- [WHAT THE EXERCISE ASKS] All lines below between the line with "The Atomstack A10" and the line with "If you guys", including both, must be copied exactly, and the pictures must be omitted.

- [PROVIDED DATA]
▽

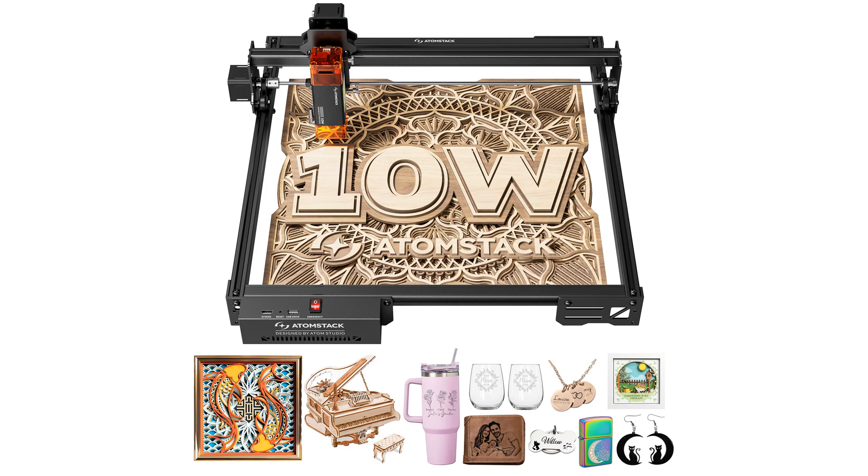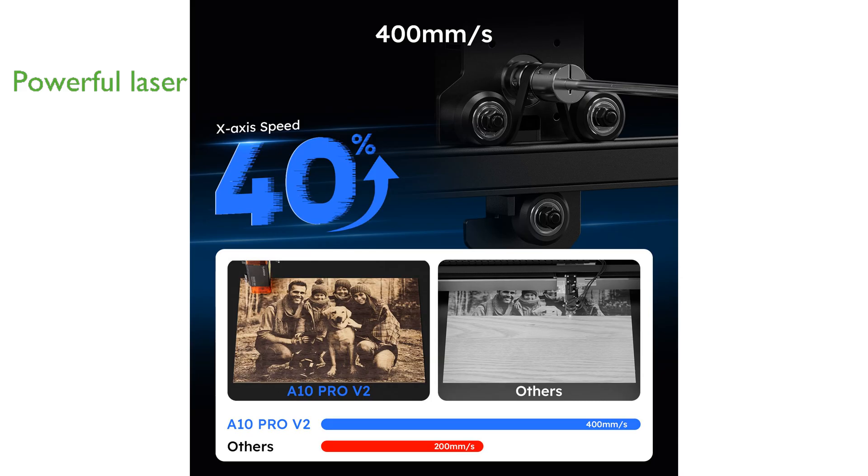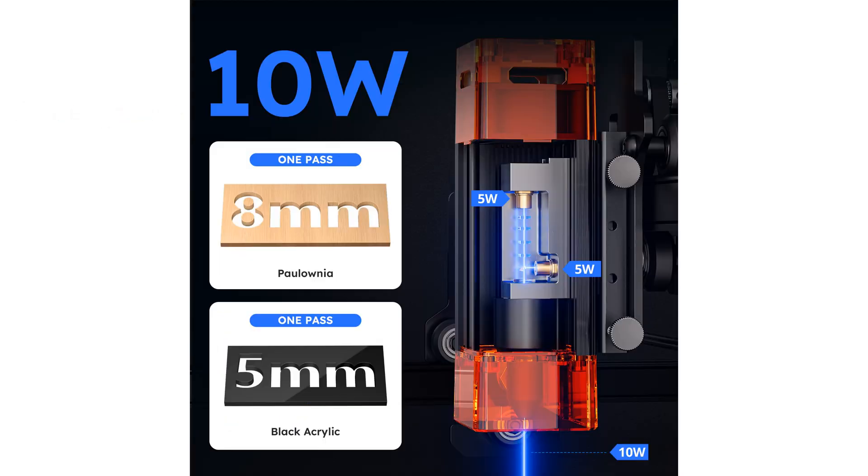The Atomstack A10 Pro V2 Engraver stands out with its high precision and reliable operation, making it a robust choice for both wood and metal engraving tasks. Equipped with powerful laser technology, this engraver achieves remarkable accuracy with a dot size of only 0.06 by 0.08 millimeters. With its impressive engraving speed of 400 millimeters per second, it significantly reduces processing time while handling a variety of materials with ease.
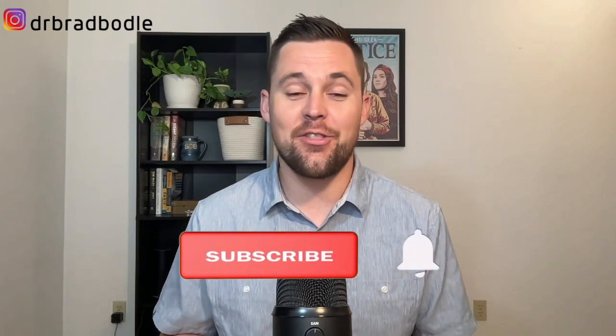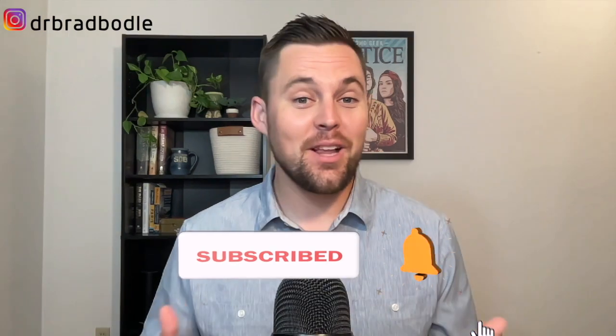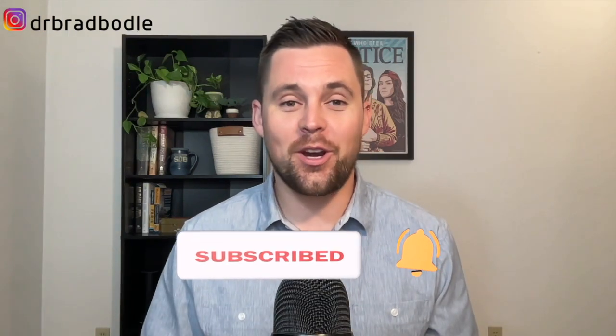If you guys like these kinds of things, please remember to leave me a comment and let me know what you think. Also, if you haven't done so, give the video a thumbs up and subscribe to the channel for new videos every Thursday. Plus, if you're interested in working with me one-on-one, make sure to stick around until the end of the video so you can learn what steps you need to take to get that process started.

△
▽

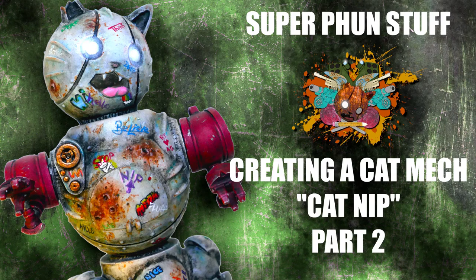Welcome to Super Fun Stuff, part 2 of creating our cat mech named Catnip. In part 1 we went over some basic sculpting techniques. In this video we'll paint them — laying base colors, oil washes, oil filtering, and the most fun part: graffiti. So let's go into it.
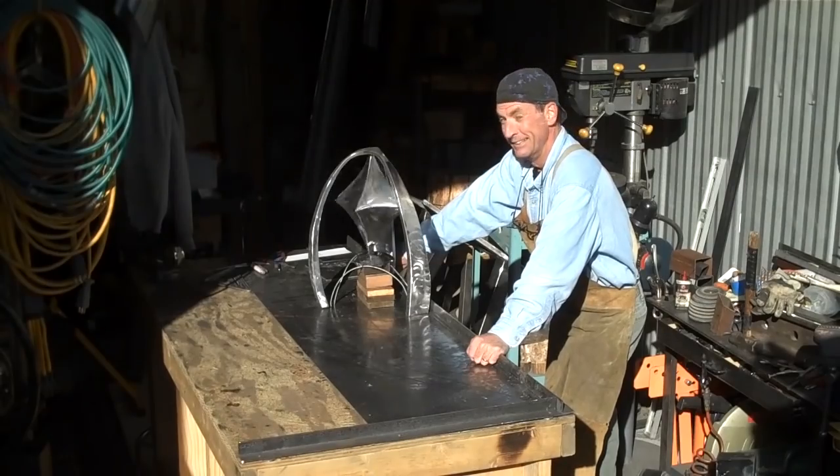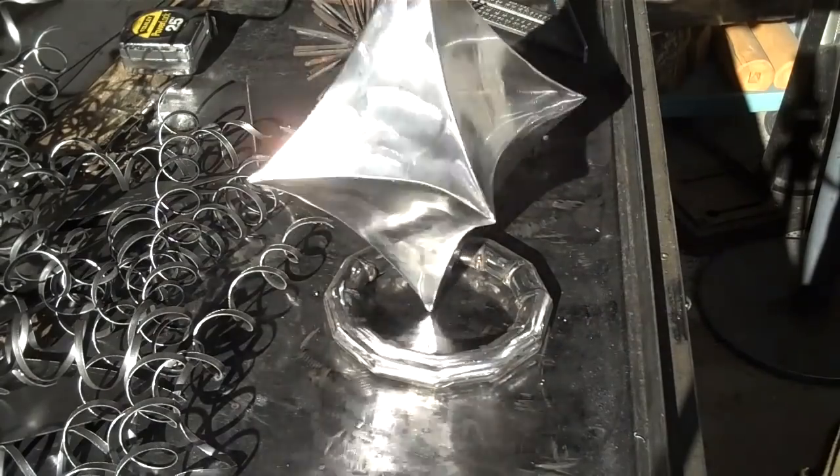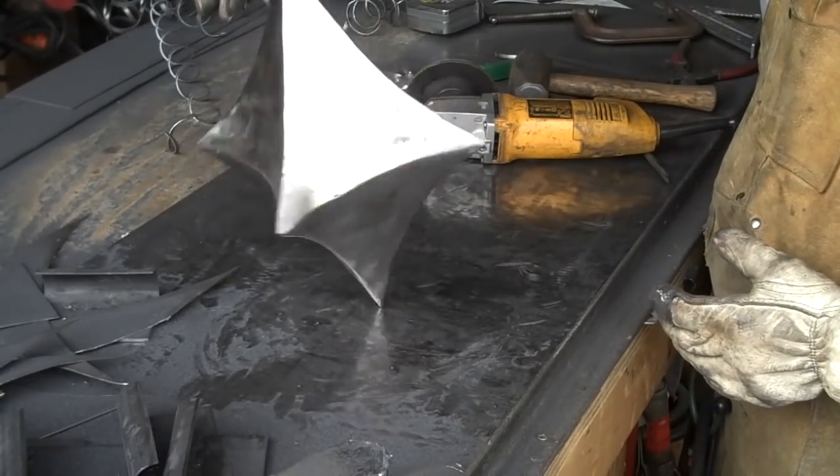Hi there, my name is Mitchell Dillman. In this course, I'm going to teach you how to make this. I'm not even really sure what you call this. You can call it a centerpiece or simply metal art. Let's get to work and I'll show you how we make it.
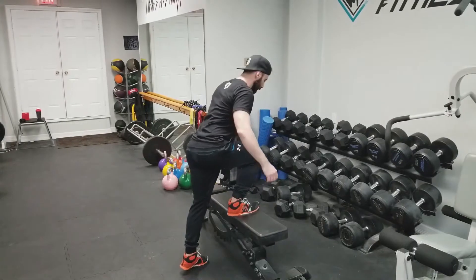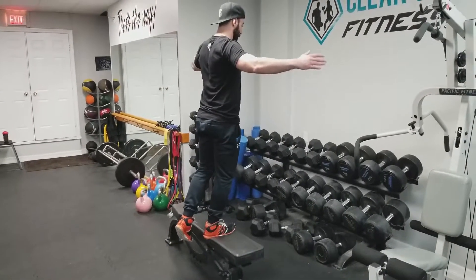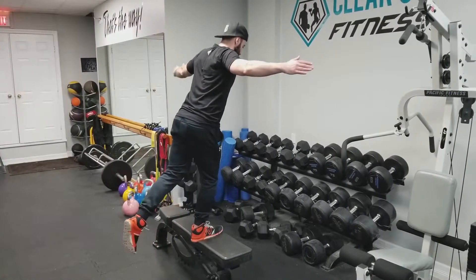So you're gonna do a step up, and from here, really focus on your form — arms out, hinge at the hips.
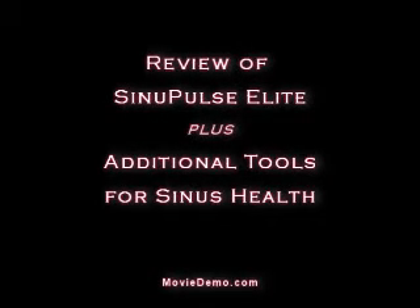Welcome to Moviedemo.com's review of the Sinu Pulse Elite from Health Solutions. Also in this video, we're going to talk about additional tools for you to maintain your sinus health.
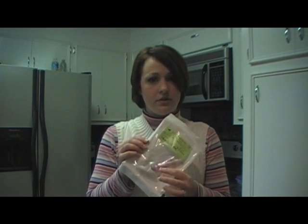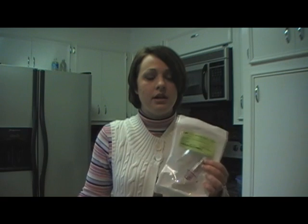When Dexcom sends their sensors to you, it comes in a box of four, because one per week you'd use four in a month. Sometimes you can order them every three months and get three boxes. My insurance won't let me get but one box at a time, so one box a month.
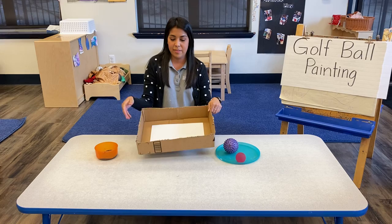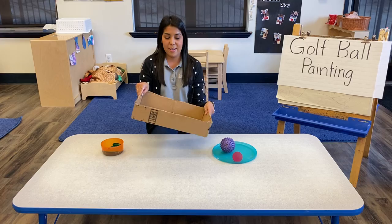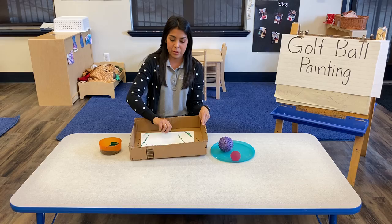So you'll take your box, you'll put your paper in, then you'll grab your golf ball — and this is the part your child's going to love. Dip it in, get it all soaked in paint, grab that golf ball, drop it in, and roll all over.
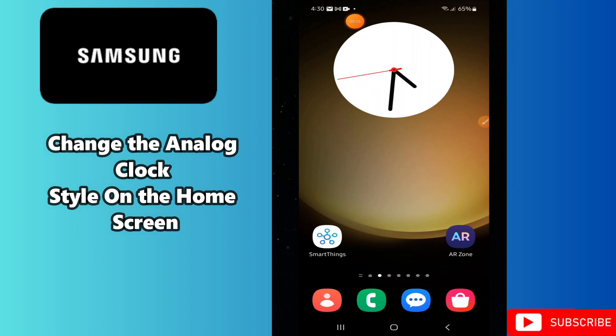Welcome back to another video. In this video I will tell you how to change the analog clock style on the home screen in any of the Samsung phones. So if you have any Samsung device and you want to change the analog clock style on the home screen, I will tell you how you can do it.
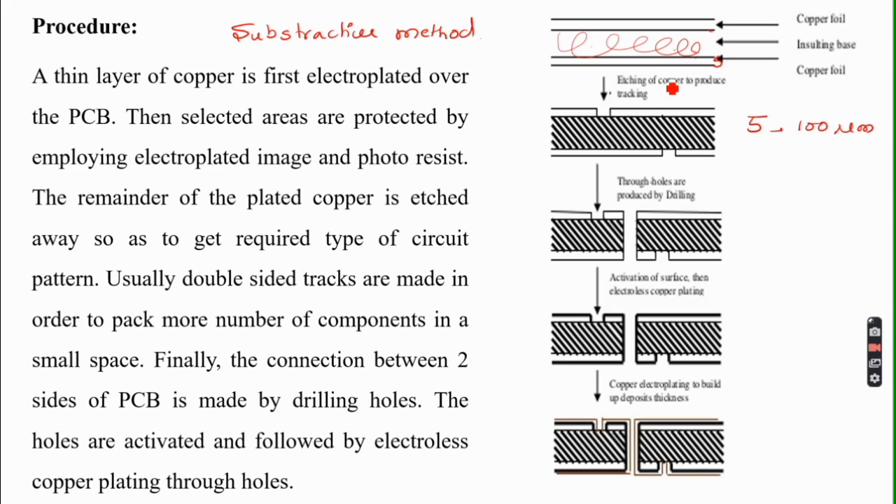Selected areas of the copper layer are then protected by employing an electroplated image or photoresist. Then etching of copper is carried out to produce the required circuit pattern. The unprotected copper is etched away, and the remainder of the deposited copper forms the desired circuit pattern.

△

- [OUTPUT BELOW]
The Atomstack A10 Pro V2 Engraver stands out with its high precision and reliable operation, making it a robust choice for both wood and metal engraving tasks. Equipped with powerful laser technology, this engraver achieves remarkable accuracy with a dot size of only 0.06 by 0.08 millimeters. With its impressive engraving speed of 400 millimeters per second, it significantly reduces processing time while handling a variety of materials with ease.
If you guys like these kinds of things, please remember to leave me a comment and let me know what you think. Also, if you haven't done so, give the video a thumbs up and subscribe to the channel for new videos every Thursday. Plus, if you're interested in working with me one-on-one, make sure to stick around until the end of the video so you can learn what steps you need to take to get that process started.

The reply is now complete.